# Seeking Pool Maintenance Company in Lousa



## Richard Henry (Oct 2, 2011)

I need a good, reliable pool maintenance company in the Lousa area.
Preferably someone familiar with Astral pumps, and pool equipment.


----------



## canoeman (Mar 3, 2011)

Have you tried Yellow Pages (Paginas Amarelas)
normally listed under Piscinas-Equpiamentos, Manutenção e Montagem


----------



## Richard Henry (Oct 2, 2011)

*No yellow pages*

Thanks canoeman, but unfortunately I'm back in the US.
I'll look in the yellow pages next time I'm in country.
Richard



canoeman said:


> Have you tried Yellow Pages (Paginas Amarelas)
> normally listed under Piscinas-Equpiamentos, Manutenção e Montagem


----------



## siobhanwf (Mar 20, 2009)

What exactly are you looking for.? Do you have a problem with you equipment as you have specified Astral equipment? Or are you just looking for general pool maintenance?


----------



## canoeman (Mar 3, 2011)

Online Páginas Amarelas: Telefones, Moradas e Contactos de Empresas Portuguesas, you might need to cast your net a bit further and look at M.de Corvo, Coimbra as well


----------



## Richard Henry (Oct 2, 2011)

No problems, just looking for someone of open & close pool and perform weely or bi-weekly maintenance.



siobhanwf said:


> What exactly are you looking for.? Do you have a problem with you equipment as you have specified Astral equipment? Or are you just looking for general pool maintenance?


----------



## mhart79 (Oct 19, 2010)

*pool cleaning*



Richard Henry said:


> No problems, just looking for someone of open & close pool and perform weely or bi-weekly maintenance.
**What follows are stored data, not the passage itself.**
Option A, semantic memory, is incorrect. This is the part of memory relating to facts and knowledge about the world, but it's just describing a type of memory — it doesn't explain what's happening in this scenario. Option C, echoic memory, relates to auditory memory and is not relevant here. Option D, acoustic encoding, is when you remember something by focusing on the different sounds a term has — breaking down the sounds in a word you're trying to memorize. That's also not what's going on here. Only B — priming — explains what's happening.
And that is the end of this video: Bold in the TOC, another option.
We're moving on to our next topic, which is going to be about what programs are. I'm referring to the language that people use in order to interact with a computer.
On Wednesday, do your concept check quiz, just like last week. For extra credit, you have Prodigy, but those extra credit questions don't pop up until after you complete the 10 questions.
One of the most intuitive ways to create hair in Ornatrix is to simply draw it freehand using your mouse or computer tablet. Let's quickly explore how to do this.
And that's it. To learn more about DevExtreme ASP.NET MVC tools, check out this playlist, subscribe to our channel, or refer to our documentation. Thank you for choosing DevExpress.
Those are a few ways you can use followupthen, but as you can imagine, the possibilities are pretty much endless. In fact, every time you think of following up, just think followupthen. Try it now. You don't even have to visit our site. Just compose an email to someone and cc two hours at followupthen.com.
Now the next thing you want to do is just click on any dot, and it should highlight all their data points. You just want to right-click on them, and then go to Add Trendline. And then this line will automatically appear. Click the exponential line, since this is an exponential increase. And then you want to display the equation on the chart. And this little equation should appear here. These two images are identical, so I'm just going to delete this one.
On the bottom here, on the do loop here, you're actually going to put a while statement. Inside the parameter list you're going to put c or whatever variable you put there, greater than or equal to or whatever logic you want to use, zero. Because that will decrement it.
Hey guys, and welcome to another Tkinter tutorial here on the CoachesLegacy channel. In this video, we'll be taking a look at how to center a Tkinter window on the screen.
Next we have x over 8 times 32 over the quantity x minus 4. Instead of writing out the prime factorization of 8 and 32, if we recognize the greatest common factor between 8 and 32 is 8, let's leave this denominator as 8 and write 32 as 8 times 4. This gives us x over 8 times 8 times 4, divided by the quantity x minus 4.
Lives in Cerejeiras area, pool maintenance & Gardens.


----------



## siobhanwf (Mar 20, 2009)

mhart79 said:


> Lives in Cerejeiras area, pool maintenance & Gardens.


Have sent you a PM


----------



## Richard Henry (Oct 2, 2011)

siobhanwf said:


> Have sent you a PM


Where did you send it?


----------



## siobhanwf (Mar 20, 2009)

Richard Henry said:


> Where did you send it?



Via the PM system.


----------



## siobhanwf (Mar 20, 2009)

Richard Henry said:


> Where did you send it?


The pm was sent to mhart79 telling him to contact you via PM


----------



## Richard Henry (Oct 2, 2011)

siobhanwf said:


> The pm was sent to mhart79 telling him to contact you via PM


I hate to sound like a newbie, but I am.
Whats the PM system???


----------



## canoeman (Mar 3, 2011)

Have a look at top right of site, you'll see Welcome Richard Henry then any notifications, click on arrow, and you should see a PM from siobhanwf click on the subject not the name Eh Voila


----------



## robc (Jul 17, 2008)

canoeman said:


> Have a look at top right of site, you'll see Welcome Richard Henry then any notifications, click on arrow, and you should see a PM from siobhanwf click on the subject not the name Eh Voila


Oh, that is how it works. 

I often wondered.

Rob


----------



## siobhanwf (Mar 20, 2009)

canoeman said:


> Have a look at top right of site, you'll see Welcome Richard Henry then any notifications, click on arrow, and you should see a PM from siobhanwf click on the subject not the name Eh Voila



The pm was sent to mhart to pm richard


----------



## siobhanwf (Mar 20, 2009)

canoeman said:


> Have a look at top right of site, you'll see Welcome Richard Henry then any notifications, click on arrow, and you should see a PM from siobhanwf click on the subject not the name Eh Voila


You cam send them by clicking on the members name and then in the drop down box "send a private message"


----------



## Richard Henry (Oct 2, 2011)

Whats the PM system?


----------



## canoeman (Mar 3, 2011)

personal message.

message from sender to recipient, that cannot be accessed by other Forum members


----------



## Richard Henry (Oct 2, 2011)

siobhanwf said:


> The pm was sent to mhart79 telling him to contact you via PM


O.K., Thank you.


----------



## siobhanwf (Mar 20, 2009)

Richard Henry said:


> O.K., Thank you.


Now that you have more than 5 posts you can contact by PM yourself he may well be able to help you


----------